The P, or Priestly, narrative I would call “The Laws Given by God in His Earthly Abode.”7 In P the Israelites arrive at Sinai in the third month after the Exodus (Exodus 19:1). The fire cloud encasing the majesty of God takes up residence atop the mountain. Moses enters the cloud, and God gives him, at great length, the instructions for building and furnishing the Tabernacle, preparing the vestments and performing the investiture of the priesthood, and consecrating the altar (Exodus 24:18, 25:8–31:17). Though some of these matters involve permanent legislation, Moses is told that the actual lawgiving will commence only after the Tabernacle instructions are carried out (Exodus 25:22). Then, as promised, God concludes the session by presenting Moses with a testimony, to be deposited in the Tabernacle ark, and dismisses him. As Moses descends with the testimony (Exodus 34:29), the residual radiation of the divine reflection shines from his face, causing the people to flee. He explains the source of his fearsome radiance to Aaron and the tribal chiefs, who coax the people to return and face Moses. Moses transmits to them the words of God—with the understanding that thereafter he will cover his radiant face (Exodus 34:29–35).8
Moses assembles the people and reports to them, ordering them to supply the needed materials and build the Tabernacle (Exodus 35:1–19). Ten months after arriving at Sinai, the Israelites complete the portable abode for the deity, and Moses dutifully deposits the testimony in the magnificent ark (Exodus 40:20). At the beginning of the second year, as the fire cloud descends from Sinai, God takes up residence in the Tabernacle, filling the tent and finally shrinking into the divine throne room (Exodus 40:34–35). This visual arrival of God is thereafter repeated each time camp is struck and reversed each time the journey is to continue (Exodus 40:36–38; Numbers 9:15–23). God calls to Moses from within the tent (Leviticus 1:1), and the lawgiving process begins. The first laws to be imparted pertain to the methods of offering sacrifices (Leviticus 1–7), as the consecration of the priesthood and dedication of the Tabernacle (Leviticus 8–9) cannot take place until these laws have been elucidated. Then the rest of the law code is unfolded a section at a time by the voice speaking to Moses from within the tent. Most of the laws are given before the departure from Sinai (Leviticus 11–27), and the rest are conveyed periodically for the remainder of the Israelites’ sojourn in the wilderness—the better part of 40 years (most of Numbers 1–36, intermittently).

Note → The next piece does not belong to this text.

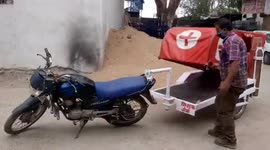 Engineer builds a motorbike makeshift ambulance to help COVID-19 patients in India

In P’s account the giving of the law depends on the prior establishment of the Tabernacle cult. Strictly speaking, Mount Sinai is not the place of lawgiving. The laws are given in the Tabernacle: Sinai is merely where the majesty of God rested before the lawgiving commenced and where the Tabernacle was first erected; it is not the holy mountain of God. God does not dwell on the mountain; the fire cloud comes from heaven, settles temporarily on the mountain and finally descends to earth.

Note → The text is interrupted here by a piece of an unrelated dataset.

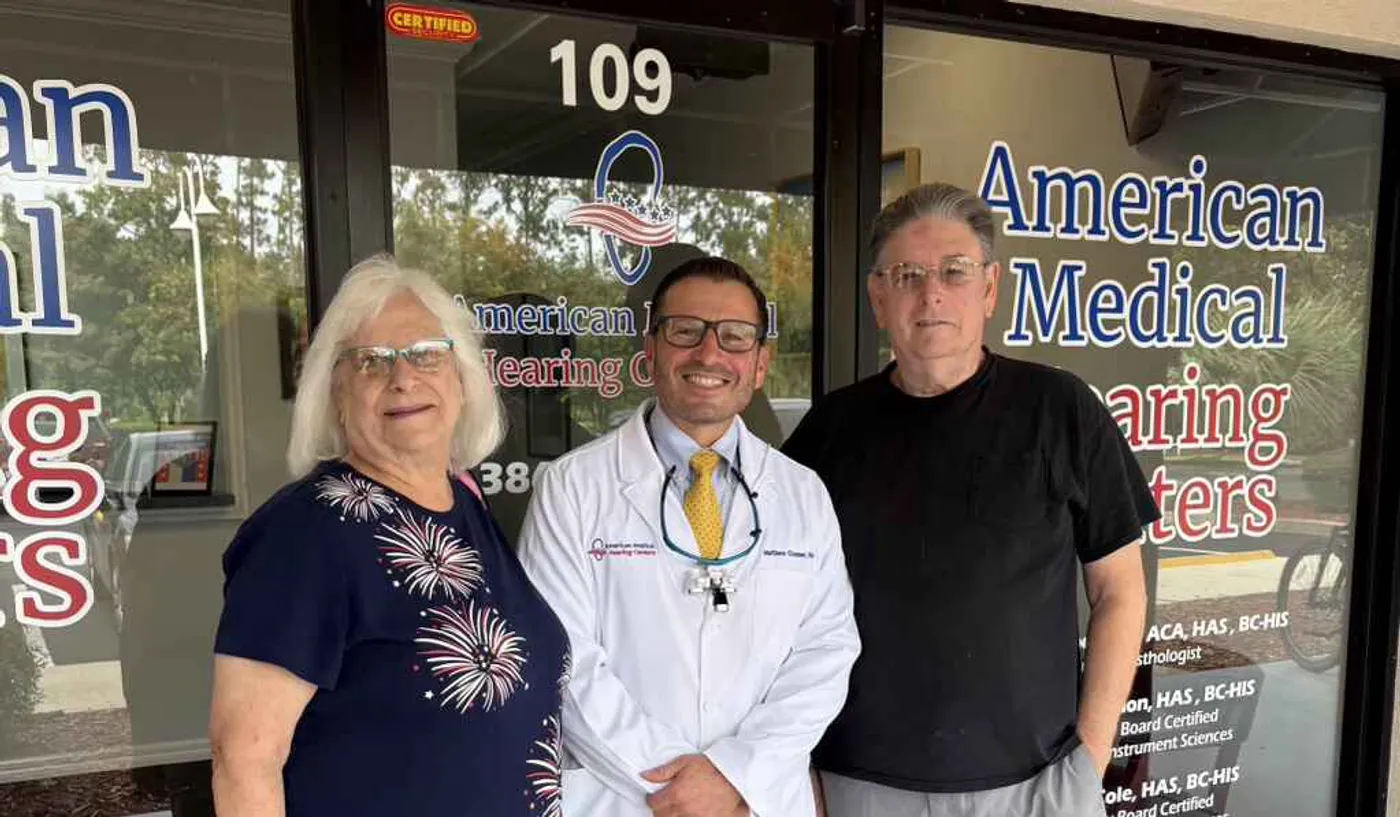 Hearing specialist standing with patients outside an American Medical Hearing Centers office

There is no prophetic Moses as in E. Here Moses merely receives divine commands and conveys them to the people. He is not attributed with initiative, intercession or impulsiveness. P nowhere refers to these events or any part of them as a covenant; in P the covenant is the promise to the patriarchs (Genesis 17:4–8), not the giving of the law.9 No Decalogue or other such sample of divine law is proclaimed. The divine fire cloud and divine fire are part of a prolonged public theophany. The subsequent meetings between God and Moses also have their theophanic aspect, in the residual radiance of the divine presence beheld by the people each time Moses reports to them. Thus the private stage of the lawgiving ultimately involves the repeated, vicarious participation of the people.
P envisions not only intermittent meetings with God for receiving the laws but also regular assemblies of the entire Israelite people, at which Moses conveys laws to them. Furthermore, in P Moses is said to have received the laws and to have conveyed them orally to the people, but nowhere is he charged with writing them down, and nowhere is it related that he did so. P knows of no written Torah! In this account, Moses ascends Mount Sinai only once, to receive the Tabernacle instructions, and descends once, to carry them out. When the Tabernacle is ready, all further revelation takes place there.
The unique Priestly view of the connection between the giving of the law and the presence of God in the Tabernacle reflects the Priestly conception of the relationship between Israel and its God. Observance of the law is, after all, what will ensure the enduring presence of God among the Israelites, upon which their national existence depends.
What of D, the Deuteronomic version? There the account of these events (as everything else in Israel’s history) is contained in Moses’ farewell speech to the Israelites.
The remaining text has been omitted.